**Task instructions**
All lines from the one containing "Procedure Calls" through the end of the material are to be given back exactly, without pictures.

**Collected data**
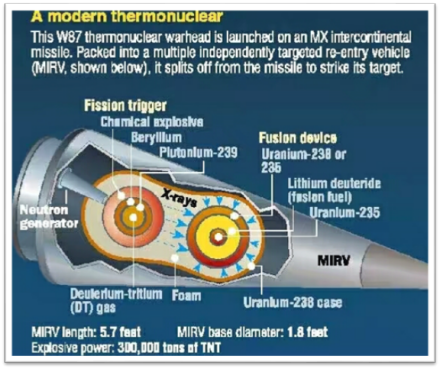 美国W87型氢弹 美国W87型氢弹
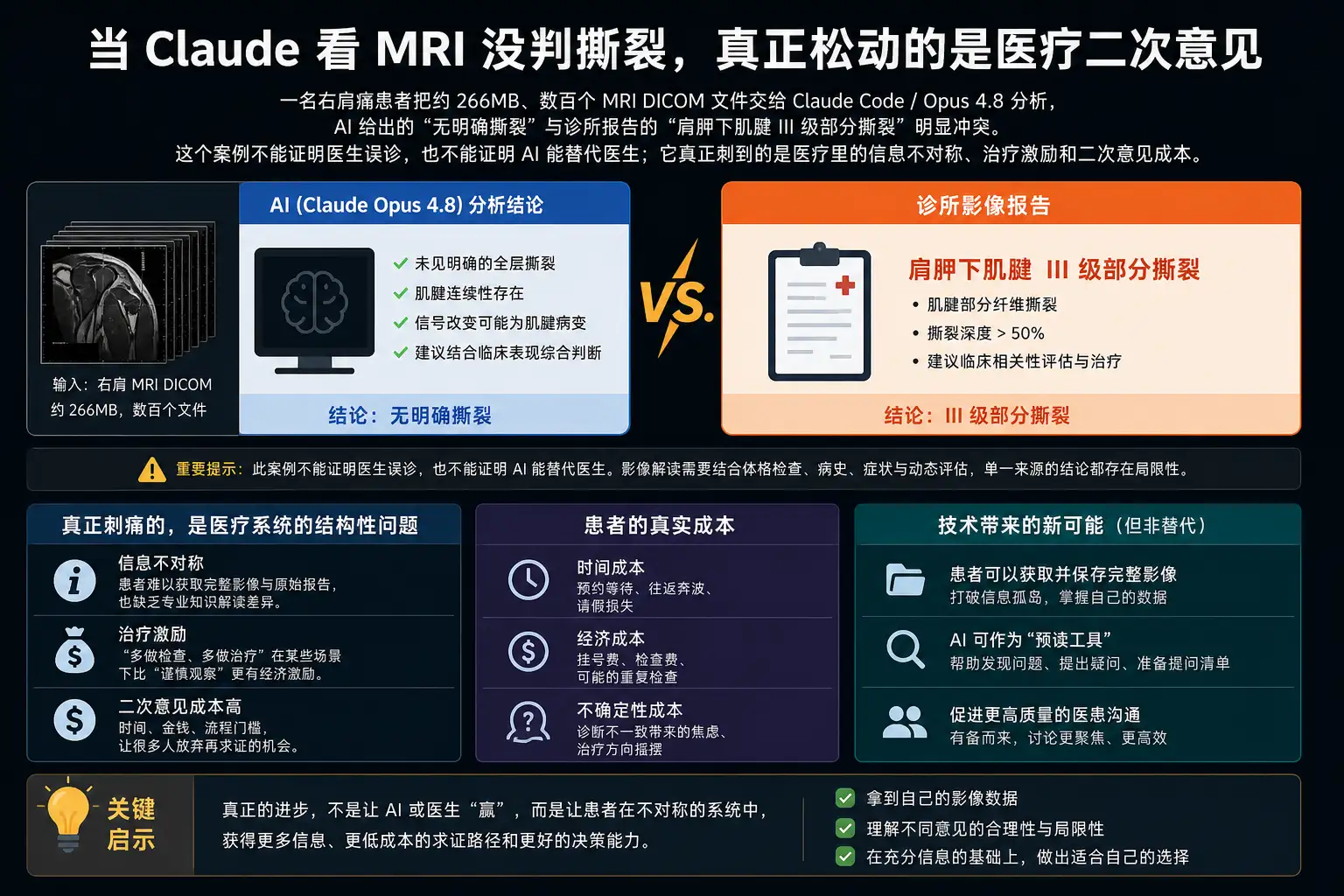 Claude 看 MRI 没判撕裂,真正松动的是医疗二次意见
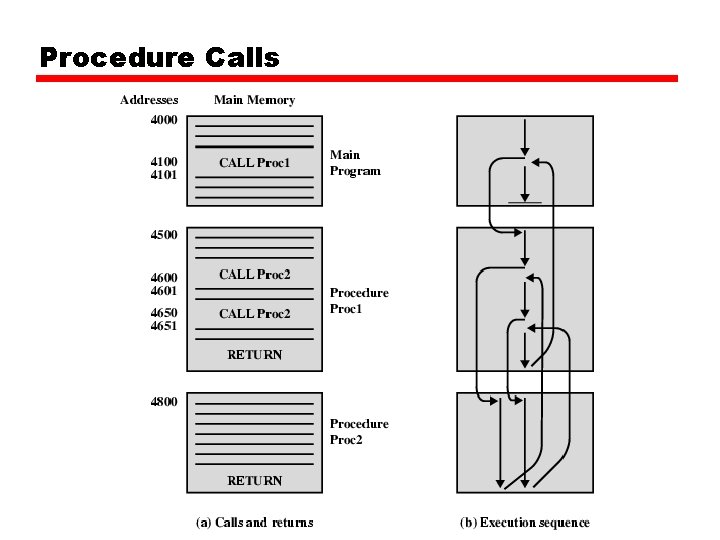 Procedure Calls 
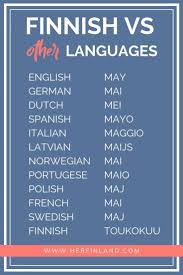 We've arranged the synonyms in length order so that they are easier to find. Unlock The Finnish Language Basics Without Feeling Overwhelmed Finnish Language Learn Finnish Finnish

**Task result**
 Procedure Calls 
 We've arranged the synonyms in length order so that they are easier to find. Unlock The Finnish Language Basics Without Feeling Overwhelmed Finnish Language Learn Finnish Finnish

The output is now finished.